To solve this problem, we need to break down the force vector $\mathbf{F}$ into its components in terms of the unit vectors $\mathbf{i}$ and $\mathbf{j}$.

Given:

• Magnitude of the force, $|\mathbf{F}| = 20 \, \text{N}$
• The force points to the right and downward, making an angle of $30^\circ$ with the vertical axis.

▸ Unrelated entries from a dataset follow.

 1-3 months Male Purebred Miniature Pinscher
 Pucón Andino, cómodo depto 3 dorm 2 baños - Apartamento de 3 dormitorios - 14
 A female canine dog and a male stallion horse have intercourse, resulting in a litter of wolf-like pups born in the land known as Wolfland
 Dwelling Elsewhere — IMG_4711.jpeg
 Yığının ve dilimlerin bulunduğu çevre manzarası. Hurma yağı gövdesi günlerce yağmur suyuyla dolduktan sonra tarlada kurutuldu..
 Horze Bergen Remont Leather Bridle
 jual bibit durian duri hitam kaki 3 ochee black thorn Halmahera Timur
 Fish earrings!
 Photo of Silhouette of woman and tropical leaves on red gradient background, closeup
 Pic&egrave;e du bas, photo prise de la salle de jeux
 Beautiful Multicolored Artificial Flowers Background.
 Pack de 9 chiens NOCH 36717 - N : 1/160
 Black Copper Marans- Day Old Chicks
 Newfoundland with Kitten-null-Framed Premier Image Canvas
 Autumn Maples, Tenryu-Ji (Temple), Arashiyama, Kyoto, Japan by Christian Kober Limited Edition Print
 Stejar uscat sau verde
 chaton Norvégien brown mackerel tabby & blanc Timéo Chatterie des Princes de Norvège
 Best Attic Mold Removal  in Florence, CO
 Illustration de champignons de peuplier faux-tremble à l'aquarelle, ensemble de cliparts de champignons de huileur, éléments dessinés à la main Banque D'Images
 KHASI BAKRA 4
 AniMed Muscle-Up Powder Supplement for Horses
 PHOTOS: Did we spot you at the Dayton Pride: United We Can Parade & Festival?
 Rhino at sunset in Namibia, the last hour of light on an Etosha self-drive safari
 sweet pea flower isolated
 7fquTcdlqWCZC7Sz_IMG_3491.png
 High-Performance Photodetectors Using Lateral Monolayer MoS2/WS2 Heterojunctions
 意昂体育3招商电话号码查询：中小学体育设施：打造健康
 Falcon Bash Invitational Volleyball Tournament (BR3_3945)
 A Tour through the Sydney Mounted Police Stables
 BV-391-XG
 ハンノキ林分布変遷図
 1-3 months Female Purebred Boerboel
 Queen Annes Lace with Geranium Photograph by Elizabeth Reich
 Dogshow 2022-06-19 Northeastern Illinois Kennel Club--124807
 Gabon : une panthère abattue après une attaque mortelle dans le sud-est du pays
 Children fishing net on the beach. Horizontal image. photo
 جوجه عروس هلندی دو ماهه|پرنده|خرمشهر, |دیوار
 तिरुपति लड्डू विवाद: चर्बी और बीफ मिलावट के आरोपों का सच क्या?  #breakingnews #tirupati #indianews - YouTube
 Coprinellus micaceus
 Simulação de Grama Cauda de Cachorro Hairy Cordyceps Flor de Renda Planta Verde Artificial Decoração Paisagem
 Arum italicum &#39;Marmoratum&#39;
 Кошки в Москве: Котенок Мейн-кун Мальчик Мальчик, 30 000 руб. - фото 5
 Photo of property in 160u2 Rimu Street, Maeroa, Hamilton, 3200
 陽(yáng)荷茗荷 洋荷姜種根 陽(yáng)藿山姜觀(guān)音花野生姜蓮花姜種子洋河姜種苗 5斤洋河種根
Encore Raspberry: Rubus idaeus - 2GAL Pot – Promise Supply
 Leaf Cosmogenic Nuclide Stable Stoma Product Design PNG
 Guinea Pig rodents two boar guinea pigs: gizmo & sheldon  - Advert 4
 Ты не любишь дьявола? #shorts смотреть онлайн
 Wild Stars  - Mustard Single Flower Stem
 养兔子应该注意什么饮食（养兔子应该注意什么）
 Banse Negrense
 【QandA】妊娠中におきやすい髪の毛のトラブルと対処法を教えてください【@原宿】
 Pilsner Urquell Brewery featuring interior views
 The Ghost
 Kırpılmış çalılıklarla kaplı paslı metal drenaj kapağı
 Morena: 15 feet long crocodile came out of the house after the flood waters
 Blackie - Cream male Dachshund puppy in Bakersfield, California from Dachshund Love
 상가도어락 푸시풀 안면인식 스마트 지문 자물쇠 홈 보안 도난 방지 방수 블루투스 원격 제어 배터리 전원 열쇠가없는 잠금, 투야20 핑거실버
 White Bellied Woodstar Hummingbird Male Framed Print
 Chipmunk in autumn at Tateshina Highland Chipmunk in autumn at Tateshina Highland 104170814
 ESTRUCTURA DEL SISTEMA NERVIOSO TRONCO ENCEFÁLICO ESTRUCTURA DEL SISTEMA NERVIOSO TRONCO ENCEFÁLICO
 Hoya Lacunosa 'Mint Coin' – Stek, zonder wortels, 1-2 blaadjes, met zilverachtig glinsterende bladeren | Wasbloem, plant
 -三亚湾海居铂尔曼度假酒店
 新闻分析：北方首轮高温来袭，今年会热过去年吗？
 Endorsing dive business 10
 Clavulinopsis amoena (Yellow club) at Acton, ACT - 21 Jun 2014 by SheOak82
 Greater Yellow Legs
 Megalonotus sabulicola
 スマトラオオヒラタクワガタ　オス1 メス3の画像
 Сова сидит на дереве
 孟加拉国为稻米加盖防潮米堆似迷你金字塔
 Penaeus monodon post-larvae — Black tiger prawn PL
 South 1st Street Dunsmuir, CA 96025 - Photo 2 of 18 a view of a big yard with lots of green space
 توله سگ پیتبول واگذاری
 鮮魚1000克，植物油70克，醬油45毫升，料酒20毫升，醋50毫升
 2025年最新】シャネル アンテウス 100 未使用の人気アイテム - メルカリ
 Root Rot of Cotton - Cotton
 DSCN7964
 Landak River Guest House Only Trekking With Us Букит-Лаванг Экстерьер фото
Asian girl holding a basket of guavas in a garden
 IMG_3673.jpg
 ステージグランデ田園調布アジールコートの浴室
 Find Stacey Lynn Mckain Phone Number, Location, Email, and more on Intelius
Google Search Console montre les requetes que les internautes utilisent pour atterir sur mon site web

Since the angle is with the vertical axis and we are asked to express the force in terms of horizontal $\mathbf{i}$ and vertical $\mathbf{j}$ components:

1. The vertical component (along $\mathbf{j}$) is given by $\mathbf{F}_j = |\mathbf{F}| \cos(30^\circ)$, but since the force is pointing downward, it will be negative.
2. The horizontal component (along $\mathbf{i}$) is given by $\mathbf{F}_i = |\mathbf{F}| \sin(30^\circ)$, and it will be positive as the force points to the right.

Steps:

• The horizontal component (rightward direction):
  $\mathbf{F}_i = 20 \sin(30^\circ) = 20 \times \frac{1}{2} = 10$

• The vertical component (downward direction):
  $\mathbf{F}_j = 20 \cos(30^\circ) = 20 \times \frac{\sqrt{3}}{2} = 10\sqrt{3}$

  Since the vertical component is downward, we make it negative:
  $\mathbf{F}_j = -10\sqrt{3}$

Final answer in terms of $\mathbf{i}$ and $\mathbf{j}$:

$\mathbf{F} = 10 \mathbf{i} - 10\sqrt{3} \mathbf{j}$

You can enter this as:
F = 10i - 10*sqrt(3)j

Would you like any further clarifications on this?

Related questions:

1. How would the components change if the angle was measured with the horizontal axis instead of the vertical?
2. How do we derive the values of sine and cosine for standard angles like $30^\circ$?
3. What are the properties of unit vectors $\mathbf{i}$ and $\mathbf{j}$?
4. How would the answer change if the force pointed upward instead of downward?
5. Can you generalize how to find the components of any vector given an arbitrary angle?

Tip:

When breaking down vectors, always check the direction of the components to correctly assign positive or negative signs based on the coordinate system.